**What you will do:**
Starting at the line that contains "10k White Gold", transcribe every remaining line of the data below exactly, and omit all pictures.

**Data shown:**
========

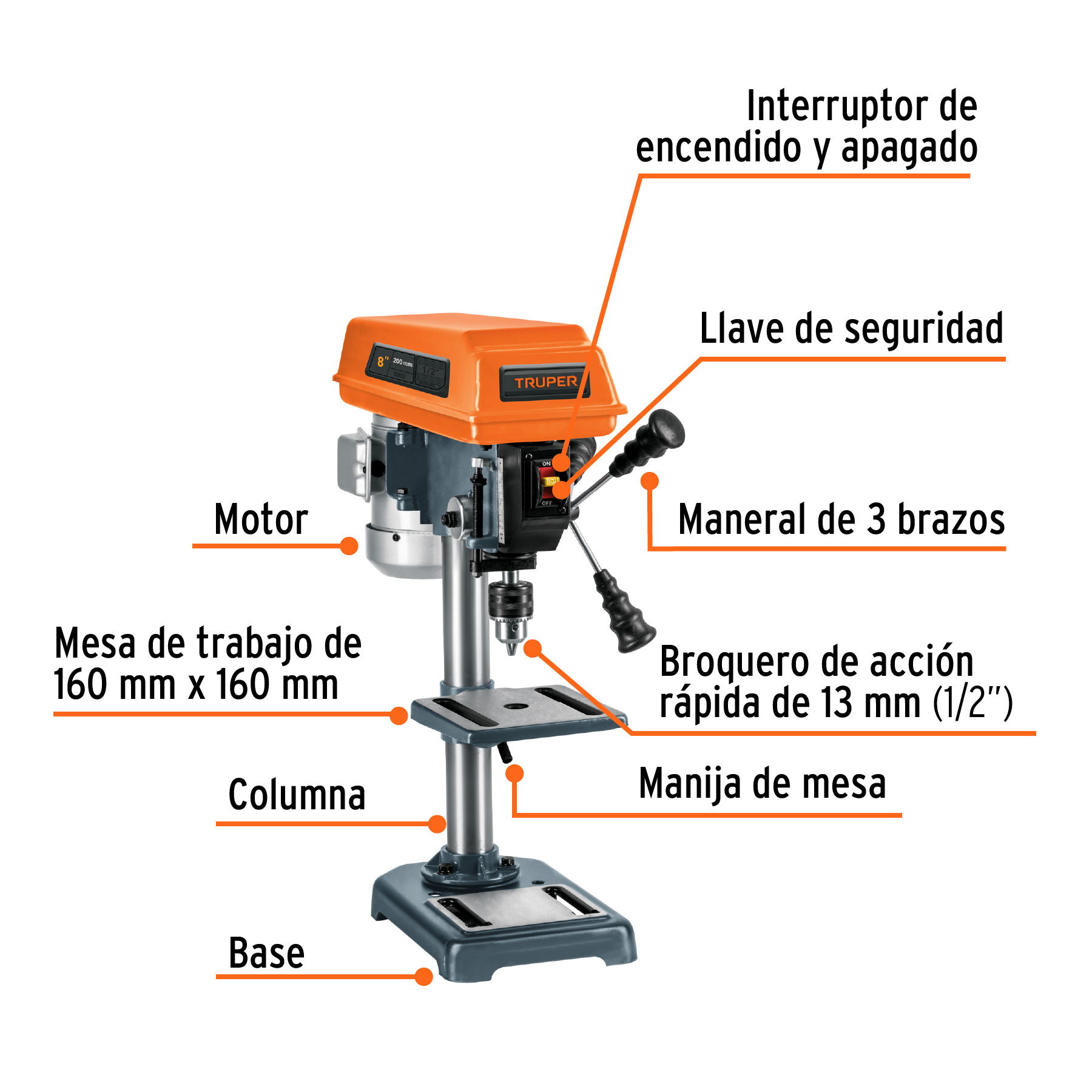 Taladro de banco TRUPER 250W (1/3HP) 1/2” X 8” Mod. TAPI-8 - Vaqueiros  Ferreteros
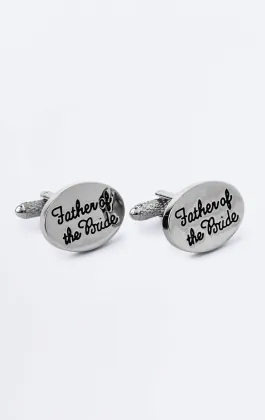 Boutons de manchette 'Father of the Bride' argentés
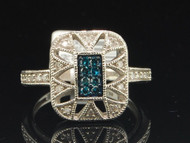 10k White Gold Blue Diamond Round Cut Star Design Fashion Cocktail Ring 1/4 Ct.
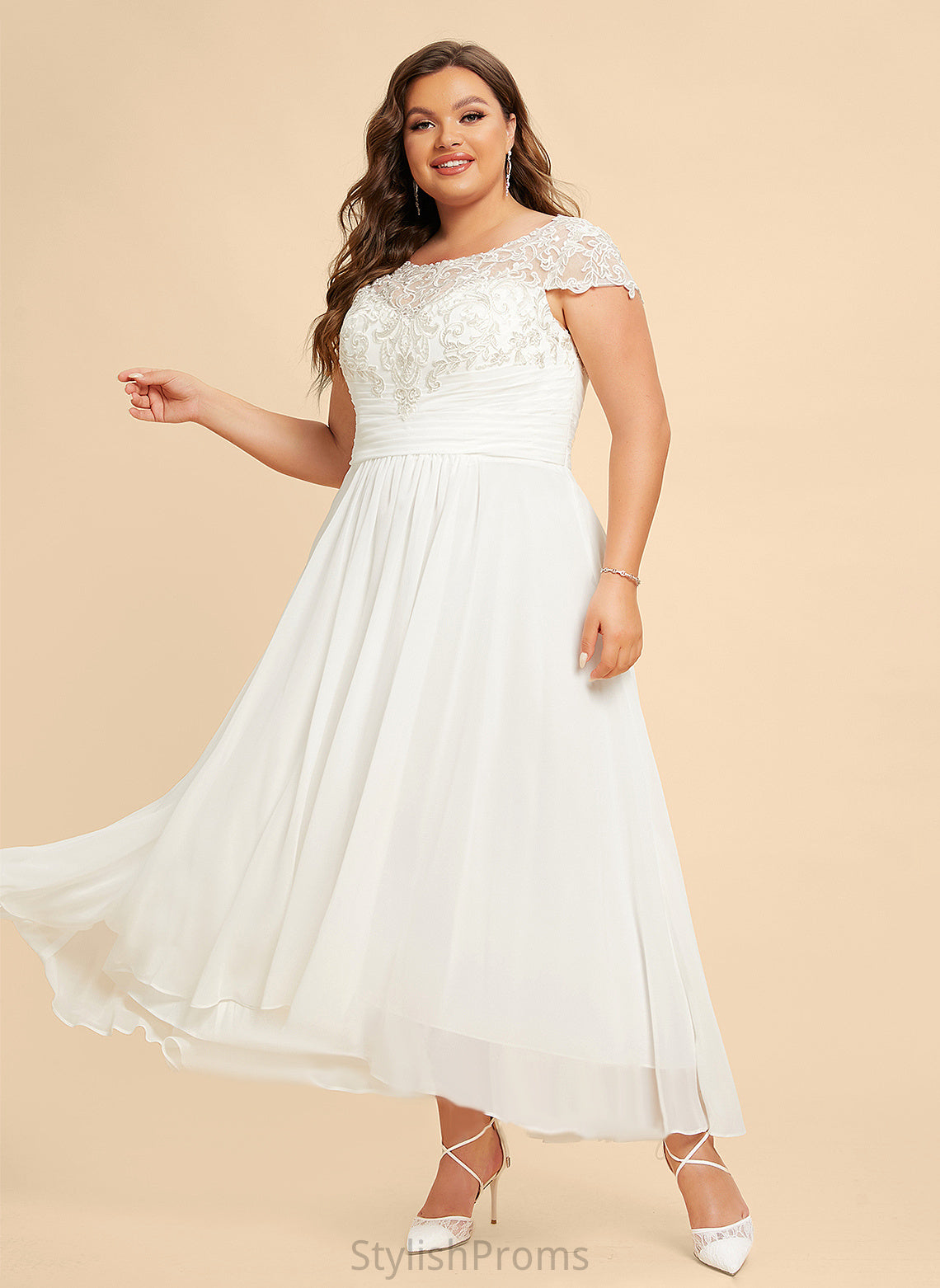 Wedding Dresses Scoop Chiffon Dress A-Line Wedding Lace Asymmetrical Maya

========

**Answer section:**
 10k White Gold Blue Diamond Round Cut Star Design Fashion Cocktail Ring 1/4 Ct.
 Wedding Dresses Scoop Chiffon Dress A-Line Wedding Lace Asymmetrical Maya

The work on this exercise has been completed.